[Start of Attachment]

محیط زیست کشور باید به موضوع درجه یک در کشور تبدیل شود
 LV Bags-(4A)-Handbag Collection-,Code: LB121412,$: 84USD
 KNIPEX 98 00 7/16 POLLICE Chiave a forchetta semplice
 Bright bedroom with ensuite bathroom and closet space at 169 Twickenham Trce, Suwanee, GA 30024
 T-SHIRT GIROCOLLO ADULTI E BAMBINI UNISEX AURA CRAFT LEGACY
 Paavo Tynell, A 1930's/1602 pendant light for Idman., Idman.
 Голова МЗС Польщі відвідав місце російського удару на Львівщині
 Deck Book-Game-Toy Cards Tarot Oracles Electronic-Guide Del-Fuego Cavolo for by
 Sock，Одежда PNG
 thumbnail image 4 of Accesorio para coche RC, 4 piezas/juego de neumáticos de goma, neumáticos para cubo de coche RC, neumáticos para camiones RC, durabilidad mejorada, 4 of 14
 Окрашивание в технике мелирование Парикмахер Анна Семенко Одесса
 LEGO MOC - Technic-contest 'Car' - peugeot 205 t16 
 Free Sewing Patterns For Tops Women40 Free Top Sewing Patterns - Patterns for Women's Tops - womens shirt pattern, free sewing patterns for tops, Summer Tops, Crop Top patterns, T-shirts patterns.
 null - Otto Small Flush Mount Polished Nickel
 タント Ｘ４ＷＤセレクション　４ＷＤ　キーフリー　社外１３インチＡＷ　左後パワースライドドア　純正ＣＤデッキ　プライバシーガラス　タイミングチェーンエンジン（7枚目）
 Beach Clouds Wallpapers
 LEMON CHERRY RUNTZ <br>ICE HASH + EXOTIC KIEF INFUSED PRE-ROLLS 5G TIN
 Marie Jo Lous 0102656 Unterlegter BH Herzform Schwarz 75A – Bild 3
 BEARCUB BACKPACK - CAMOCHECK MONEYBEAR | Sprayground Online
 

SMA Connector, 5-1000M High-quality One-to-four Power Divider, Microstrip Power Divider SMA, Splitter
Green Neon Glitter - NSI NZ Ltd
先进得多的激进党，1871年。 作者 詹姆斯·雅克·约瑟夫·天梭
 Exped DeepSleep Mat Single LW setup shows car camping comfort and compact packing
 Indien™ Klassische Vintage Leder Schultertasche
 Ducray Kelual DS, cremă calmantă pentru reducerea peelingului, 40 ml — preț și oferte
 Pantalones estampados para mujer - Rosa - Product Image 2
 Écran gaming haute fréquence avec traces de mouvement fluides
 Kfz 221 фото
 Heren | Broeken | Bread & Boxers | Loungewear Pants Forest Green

[End of Attachment]

**The problem**
Select every line of the material above holding the word "Green" and copy it.

**Solution below**
Green Neon Glitter - NSI NZ Ltd
 Heren | Broeken | Bread & Boxers | Loungewear Pants Forest Green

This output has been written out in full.